PROBLEM DETAILS:
Could you return all of the entries word for word, minus any pictures?

TASK MATERIAL:
..........
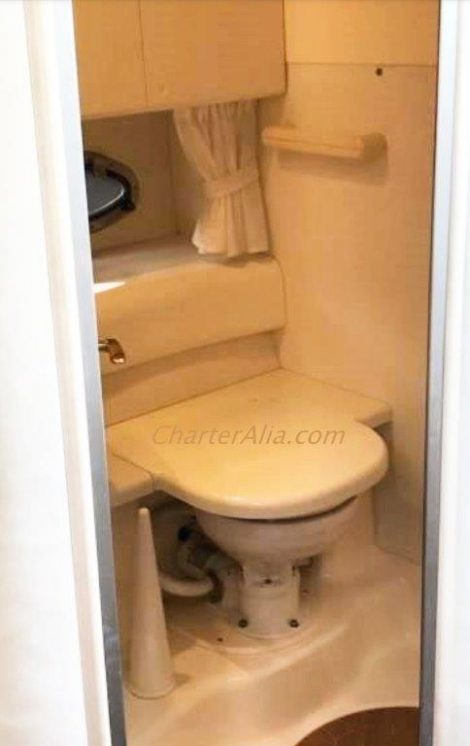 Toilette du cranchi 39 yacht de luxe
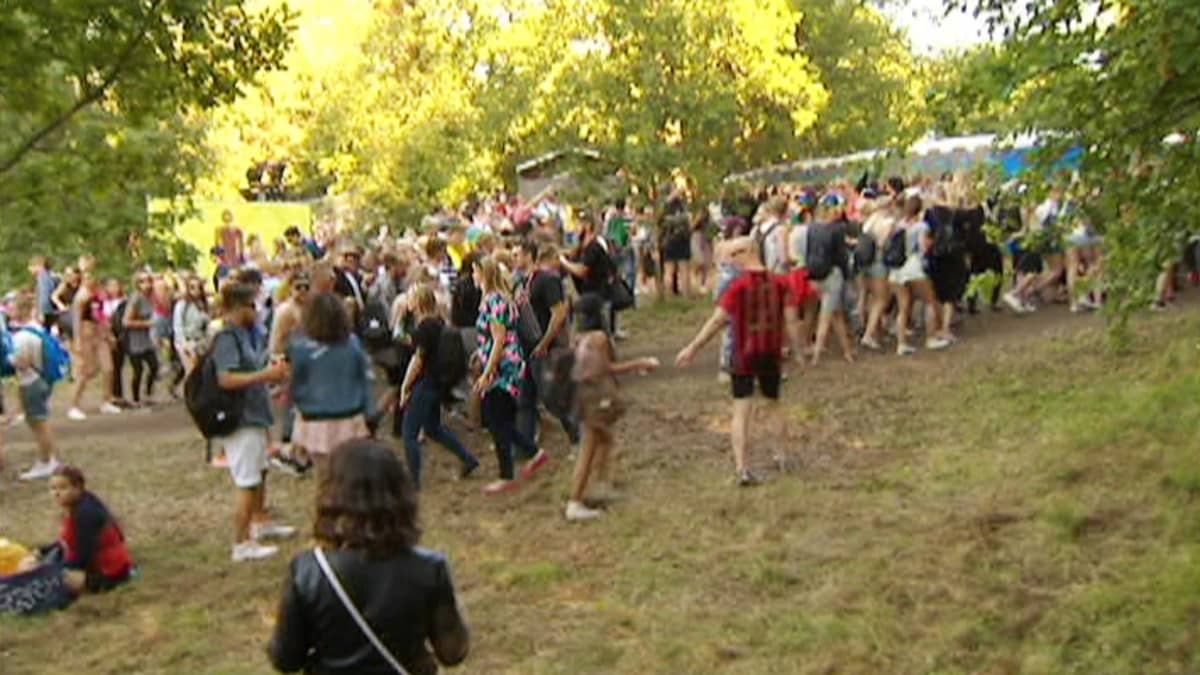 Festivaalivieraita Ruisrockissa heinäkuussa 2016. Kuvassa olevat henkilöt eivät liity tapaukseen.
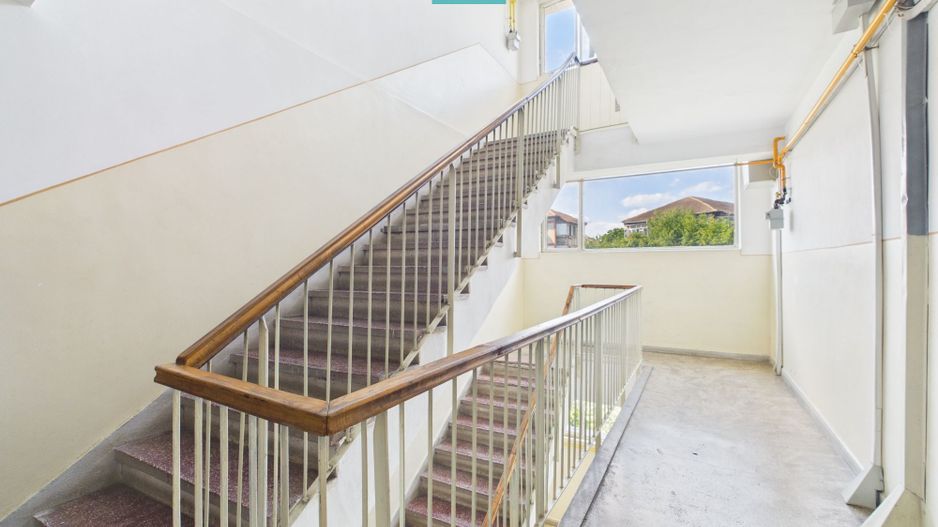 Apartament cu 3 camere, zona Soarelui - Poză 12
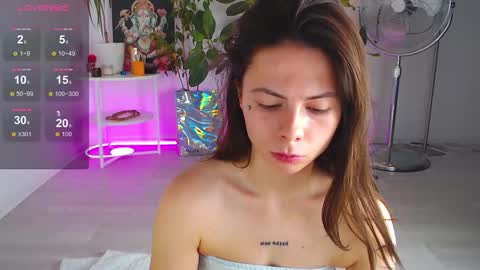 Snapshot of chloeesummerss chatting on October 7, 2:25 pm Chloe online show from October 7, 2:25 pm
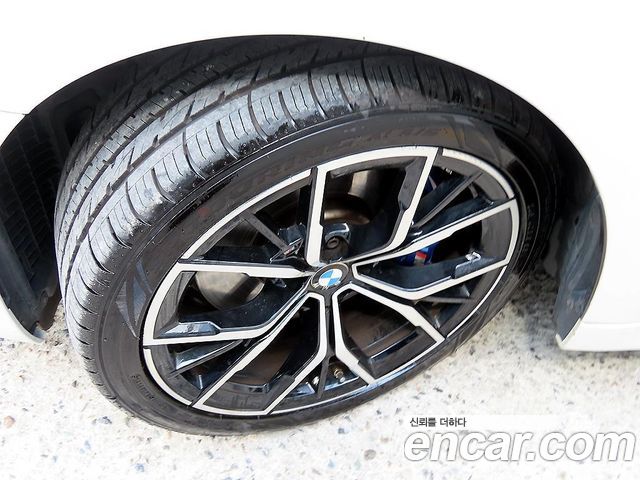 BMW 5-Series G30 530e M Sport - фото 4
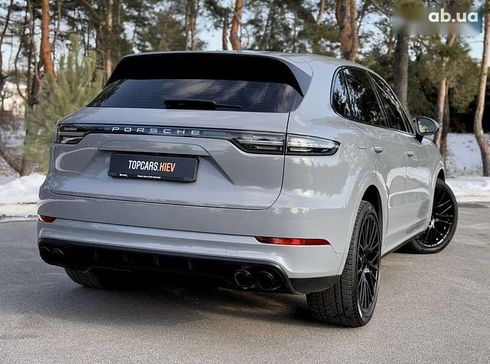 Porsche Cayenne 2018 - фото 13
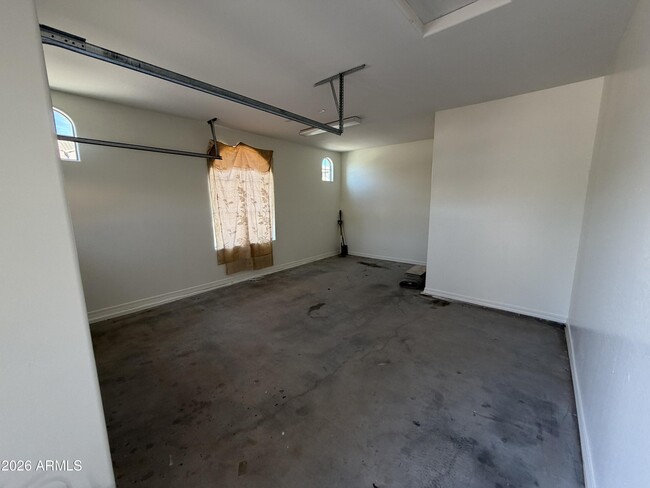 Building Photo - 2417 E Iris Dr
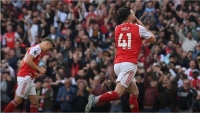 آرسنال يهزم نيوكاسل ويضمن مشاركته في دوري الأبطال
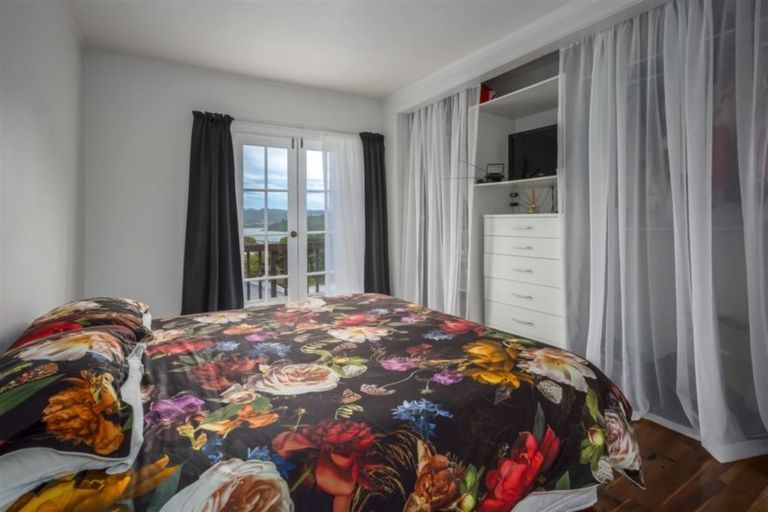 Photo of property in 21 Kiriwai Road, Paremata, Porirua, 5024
..........
COMPLETED EXERCISE:
 Toilette du cranchi 39 yacht de luxe
 Festivaalivieraita Ruisrockissa heinäkuussa 2016. Kuvassa olevat henkilöt eivät liity tapaukseen.
 Apartament cu 3 camere, zona Soarelui - Poză 12
 Snapshot of chloeesummerss chatting on October 7, 2:25 pm Chloe online show from October 7, 2:25 pm
 BMW 5-Series G30 530e M Sport - фото 4
 Porsche Cayenne 2018 - фото 13
 Building Photo - 2417 E Iris Dr
 آرسنال يهزم نيوكاسل ويضمن مشاركته في دوري الأبطال
 Photo of property in 21 Kiriwai Road, Paremata, Porirua, 5024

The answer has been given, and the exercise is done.